The AKP had previously said it would use its right to object to the results where there were voting irregularities, adding that the errors at the ballots had affected the outcome.
On Tuesday, Bayram Senocak, the AKP’s Istanbul head said that objections had been submitted by the 3 p.m. (1200 GMT) deadline for appeals, and added that legal action would be taken against electoral officials who made the errors.
“We have submitted all our appeals to the district electoral councils,” Senocak said, as he waved ballot records in which he said vote count irregularities could be seen.
An AKP deputy chairman later said the difference between Imamoglu and Yildirim was down to 20,509 votes and would keep falling as a result of their appeals. He said the elections were “the biggest blemish in Turkish democratic history.”
The CHP’s Istanbul head Canan Kaftancioglu said her party submitted objections in 22 districts, adding they expected to receive 4,960 more votes after the appeals were resolved.
“They are trying to steal the will of the people as it was reflected in the ballots,” she told reporters in Istanbul.
The CHP’s Imamoglu said on Tuesday he was saddened by the AKP failure to congratulate him after the election board count put him ahead.
“I’m watching Mr Binali Yildirim with regret. You were a minister of this nation, the parliament speaker and a prime minister,” Imamoglu said in Istanbul. “What could be more noble than congratulating?”
“The world is watching us with shame right now. We are ready to manage the big city of Istanbul. Let go and congratulate us with honor, so we can do our job,” he said.
“MOMENT OF BEGINNING”
Ahead of the elections, the CHP had formed an electoral alliance with the Iyi (Good) Party to rival that of the AKP and their nationalist MHP partners. The alliances nominated joint candidates in certain cities, including Ankara and Istanbul.

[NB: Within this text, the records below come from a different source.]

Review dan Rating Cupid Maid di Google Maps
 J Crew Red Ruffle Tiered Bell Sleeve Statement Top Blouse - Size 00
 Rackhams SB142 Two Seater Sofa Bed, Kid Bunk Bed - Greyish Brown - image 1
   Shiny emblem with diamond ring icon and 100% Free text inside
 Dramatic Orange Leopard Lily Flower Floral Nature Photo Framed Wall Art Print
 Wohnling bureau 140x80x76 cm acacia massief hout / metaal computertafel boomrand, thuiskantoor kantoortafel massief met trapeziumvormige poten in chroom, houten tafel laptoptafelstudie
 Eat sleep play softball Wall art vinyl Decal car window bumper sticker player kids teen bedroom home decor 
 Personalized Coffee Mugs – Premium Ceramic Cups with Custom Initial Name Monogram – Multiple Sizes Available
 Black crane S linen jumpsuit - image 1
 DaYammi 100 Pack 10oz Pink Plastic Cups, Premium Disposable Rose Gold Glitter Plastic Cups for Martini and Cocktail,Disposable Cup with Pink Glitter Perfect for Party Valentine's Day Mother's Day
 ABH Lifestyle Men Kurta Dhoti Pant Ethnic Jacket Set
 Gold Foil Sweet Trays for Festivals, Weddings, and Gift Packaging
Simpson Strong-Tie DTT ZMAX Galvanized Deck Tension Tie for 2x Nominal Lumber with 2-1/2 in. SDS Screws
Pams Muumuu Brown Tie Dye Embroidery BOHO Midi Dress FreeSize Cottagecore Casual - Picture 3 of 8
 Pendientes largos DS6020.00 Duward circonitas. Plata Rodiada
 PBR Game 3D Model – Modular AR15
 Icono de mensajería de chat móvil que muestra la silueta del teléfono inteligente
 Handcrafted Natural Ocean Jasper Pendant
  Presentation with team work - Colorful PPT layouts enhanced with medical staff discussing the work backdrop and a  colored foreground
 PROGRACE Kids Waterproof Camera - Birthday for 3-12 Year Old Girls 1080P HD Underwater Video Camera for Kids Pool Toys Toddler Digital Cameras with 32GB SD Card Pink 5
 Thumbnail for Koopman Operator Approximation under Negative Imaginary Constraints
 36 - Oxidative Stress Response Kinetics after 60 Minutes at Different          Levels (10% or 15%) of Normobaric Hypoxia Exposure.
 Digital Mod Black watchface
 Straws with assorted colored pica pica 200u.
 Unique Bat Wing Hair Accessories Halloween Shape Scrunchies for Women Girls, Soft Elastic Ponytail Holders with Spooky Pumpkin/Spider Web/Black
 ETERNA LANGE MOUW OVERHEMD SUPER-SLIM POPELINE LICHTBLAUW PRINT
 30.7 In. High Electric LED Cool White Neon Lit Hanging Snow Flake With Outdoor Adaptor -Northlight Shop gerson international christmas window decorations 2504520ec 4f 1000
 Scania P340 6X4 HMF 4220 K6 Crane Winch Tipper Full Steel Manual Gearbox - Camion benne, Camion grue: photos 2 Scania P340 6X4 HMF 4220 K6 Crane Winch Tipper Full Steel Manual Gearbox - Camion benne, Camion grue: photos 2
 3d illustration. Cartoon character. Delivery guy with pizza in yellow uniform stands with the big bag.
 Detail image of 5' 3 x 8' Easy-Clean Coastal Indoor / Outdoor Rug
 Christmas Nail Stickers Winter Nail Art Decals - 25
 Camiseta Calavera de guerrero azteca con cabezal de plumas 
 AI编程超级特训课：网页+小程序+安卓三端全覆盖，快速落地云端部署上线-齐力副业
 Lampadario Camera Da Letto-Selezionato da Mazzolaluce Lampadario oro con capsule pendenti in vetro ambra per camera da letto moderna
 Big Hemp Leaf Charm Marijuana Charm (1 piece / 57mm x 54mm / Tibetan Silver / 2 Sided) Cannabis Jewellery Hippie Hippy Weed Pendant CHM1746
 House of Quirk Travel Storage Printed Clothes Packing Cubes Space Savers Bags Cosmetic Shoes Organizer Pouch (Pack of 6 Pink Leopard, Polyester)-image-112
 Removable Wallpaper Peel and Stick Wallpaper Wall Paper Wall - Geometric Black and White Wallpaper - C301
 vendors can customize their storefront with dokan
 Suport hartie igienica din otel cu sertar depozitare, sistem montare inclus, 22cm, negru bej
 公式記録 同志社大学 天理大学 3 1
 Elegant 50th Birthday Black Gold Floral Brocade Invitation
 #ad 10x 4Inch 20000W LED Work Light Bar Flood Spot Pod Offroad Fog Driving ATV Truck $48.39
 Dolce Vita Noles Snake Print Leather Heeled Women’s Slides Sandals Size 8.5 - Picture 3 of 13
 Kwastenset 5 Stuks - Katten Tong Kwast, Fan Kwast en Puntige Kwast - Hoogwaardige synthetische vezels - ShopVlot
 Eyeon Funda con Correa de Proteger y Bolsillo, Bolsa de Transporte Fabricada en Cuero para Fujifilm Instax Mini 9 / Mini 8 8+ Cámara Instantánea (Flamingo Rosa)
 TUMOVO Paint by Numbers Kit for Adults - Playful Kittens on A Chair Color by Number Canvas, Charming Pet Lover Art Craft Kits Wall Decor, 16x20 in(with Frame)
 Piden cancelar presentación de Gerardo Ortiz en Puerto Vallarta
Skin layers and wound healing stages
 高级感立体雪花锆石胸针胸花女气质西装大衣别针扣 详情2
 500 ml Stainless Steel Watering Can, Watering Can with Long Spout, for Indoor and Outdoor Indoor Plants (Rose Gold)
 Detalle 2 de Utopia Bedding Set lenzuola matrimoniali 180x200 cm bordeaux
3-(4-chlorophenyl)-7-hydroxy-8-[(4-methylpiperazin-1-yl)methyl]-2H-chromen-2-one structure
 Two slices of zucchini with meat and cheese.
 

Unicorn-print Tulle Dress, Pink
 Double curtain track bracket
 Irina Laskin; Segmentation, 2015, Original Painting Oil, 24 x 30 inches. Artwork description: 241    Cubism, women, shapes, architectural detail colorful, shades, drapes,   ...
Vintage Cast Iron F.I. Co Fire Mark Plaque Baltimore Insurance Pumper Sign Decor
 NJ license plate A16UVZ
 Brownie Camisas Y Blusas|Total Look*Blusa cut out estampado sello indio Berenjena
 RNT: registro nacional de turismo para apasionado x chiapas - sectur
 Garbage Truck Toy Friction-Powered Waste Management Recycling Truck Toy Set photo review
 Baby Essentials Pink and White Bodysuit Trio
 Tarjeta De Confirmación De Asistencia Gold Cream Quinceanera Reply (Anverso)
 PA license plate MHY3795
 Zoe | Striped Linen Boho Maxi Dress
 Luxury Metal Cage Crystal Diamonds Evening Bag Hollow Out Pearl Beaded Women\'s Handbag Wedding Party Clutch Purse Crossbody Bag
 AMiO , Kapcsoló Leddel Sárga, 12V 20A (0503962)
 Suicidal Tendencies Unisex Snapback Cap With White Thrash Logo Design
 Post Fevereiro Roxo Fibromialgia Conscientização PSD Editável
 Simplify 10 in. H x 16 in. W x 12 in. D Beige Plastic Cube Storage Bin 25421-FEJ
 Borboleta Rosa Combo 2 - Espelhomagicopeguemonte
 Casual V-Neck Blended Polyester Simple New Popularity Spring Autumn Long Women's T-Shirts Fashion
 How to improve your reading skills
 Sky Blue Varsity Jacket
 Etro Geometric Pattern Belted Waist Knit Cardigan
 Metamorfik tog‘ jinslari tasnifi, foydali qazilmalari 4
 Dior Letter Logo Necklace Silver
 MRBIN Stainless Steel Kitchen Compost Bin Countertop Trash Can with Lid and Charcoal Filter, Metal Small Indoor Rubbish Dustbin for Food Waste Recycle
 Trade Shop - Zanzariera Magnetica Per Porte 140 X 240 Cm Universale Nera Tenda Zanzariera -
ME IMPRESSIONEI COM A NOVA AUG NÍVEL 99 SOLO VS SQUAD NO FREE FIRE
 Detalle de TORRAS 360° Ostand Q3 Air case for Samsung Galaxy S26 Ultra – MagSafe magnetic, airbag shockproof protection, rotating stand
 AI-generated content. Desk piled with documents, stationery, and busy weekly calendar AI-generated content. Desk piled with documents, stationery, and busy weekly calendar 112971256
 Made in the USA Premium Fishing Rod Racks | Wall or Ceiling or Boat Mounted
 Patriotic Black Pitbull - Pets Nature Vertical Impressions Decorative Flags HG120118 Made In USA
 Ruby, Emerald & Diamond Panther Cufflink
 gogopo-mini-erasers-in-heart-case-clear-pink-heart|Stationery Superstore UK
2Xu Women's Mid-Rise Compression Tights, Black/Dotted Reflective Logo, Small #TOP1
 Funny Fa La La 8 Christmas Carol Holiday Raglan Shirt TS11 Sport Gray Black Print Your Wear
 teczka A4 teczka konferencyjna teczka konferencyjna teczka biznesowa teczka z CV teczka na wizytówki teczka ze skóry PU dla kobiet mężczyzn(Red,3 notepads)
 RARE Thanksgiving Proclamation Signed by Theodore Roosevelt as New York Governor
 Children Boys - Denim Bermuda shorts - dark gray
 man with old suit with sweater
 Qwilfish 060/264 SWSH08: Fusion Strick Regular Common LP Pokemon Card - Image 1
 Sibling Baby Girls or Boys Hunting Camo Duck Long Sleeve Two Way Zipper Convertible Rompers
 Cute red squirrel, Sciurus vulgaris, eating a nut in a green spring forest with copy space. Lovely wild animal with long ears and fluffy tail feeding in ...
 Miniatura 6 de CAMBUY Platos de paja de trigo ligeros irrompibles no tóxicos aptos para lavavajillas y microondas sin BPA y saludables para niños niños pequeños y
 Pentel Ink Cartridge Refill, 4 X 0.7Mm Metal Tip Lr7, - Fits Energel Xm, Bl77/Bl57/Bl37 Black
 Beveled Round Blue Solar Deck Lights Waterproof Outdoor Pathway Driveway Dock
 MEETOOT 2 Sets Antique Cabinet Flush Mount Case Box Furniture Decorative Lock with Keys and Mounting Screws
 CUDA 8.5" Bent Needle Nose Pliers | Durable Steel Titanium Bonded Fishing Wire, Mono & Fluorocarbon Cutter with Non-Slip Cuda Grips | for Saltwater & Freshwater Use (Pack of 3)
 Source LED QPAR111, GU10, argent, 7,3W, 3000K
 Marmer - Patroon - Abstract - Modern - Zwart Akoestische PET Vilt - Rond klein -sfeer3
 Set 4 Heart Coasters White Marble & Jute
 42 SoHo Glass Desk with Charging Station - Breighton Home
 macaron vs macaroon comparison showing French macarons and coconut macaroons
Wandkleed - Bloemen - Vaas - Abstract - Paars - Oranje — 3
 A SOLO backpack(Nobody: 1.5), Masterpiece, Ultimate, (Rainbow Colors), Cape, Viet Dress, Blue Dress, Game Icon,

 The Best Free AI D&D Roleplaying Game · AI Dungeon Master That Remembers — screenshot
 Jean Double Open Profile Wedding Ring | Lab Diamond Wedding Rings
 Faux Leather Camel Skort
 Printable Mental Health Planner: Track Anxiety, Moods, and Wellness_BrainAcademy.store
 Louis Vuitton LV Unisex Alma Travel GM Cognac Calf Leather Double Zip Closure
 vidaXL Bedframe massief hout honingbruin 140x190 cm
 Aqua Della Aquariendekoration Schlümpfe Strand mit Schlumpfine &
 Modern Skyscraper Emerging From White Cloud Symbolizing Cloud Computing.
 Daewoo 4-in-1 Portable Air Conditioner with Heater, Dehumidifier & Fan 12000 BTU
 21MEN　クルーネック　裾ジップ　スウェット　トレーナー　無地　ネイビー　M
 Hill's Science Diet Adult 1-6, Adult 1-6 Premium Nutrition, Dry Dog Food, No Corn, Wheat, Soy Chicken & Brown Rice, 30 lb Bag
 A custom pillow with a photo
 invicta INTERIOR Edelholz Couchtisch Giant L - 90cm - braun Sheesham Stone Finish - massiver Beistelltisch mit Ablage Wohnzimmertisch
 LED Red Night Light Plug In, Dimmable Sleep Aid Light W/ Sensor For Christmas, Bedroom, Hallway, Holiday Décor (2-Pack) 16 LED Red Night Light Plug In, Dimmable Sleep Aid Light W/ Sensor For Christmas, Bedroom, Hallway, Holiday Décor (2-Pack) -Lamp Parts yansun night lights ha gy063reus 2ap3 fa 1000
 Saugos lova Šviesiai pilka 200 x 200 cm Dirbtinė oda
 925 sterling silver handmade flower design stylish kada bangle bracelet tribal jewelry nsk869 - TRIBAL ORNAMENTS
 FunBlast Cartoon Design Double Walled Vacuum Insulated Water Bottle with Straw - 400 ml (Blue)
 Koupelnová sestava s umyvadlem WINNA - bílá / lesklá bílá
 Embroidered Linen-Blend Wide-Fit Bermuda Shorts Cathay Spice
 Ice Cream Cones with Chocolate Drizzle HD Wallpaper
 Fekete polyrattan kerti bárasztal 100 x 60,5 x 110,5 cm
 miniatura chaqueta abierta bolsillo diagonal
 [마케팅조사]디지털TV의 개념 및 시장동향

Imamoglu, who laid a wreath at the mausoleum of modern Turkey’s founder, Mustafa Kemal Ataturk, in Ankara, later went to CHP headquarters to meet Mansur Yavas, the opposition’s candidate in the capital. Speaking at the CHP building, Imamoglu said the elections marked a “moment of beginning” for Turkey.
In Ankara, Yavas received 50.9 percent of votes, ahead of his AKP rival and former minister Mehmet Ozhaseki in Sunday’s local elections by nearly 4 percentage points. The AKP said it had also submitted objections to results across Ankara.
Defeats in Ankara and Istanbul would be a significant setback for Erdogan, who has dominated Turkish politics for more than 16 years. He had campaigned relentlessly ahead of the vote, describing it as a “matter of survival” for the country.
Erdogan’s political success has rested on years of stellar economic growth in Turkey, but an economic recession that has brought surging inflation and unemployment and a plunging lira currency have taken their toll on his popularity.
Uncertainty generated by the local elections has added to pressure on the lira, which weakened sharply last week as a lack of confidence in the currency among Turks led them to snap up record holdings of dollars and gold.
On Tuesday the lira weakened more than 2 percent against the dollar on concerns about tensions with the United States after it halted delivery to Turkey of equipment related to the F-35 fighter aircraft.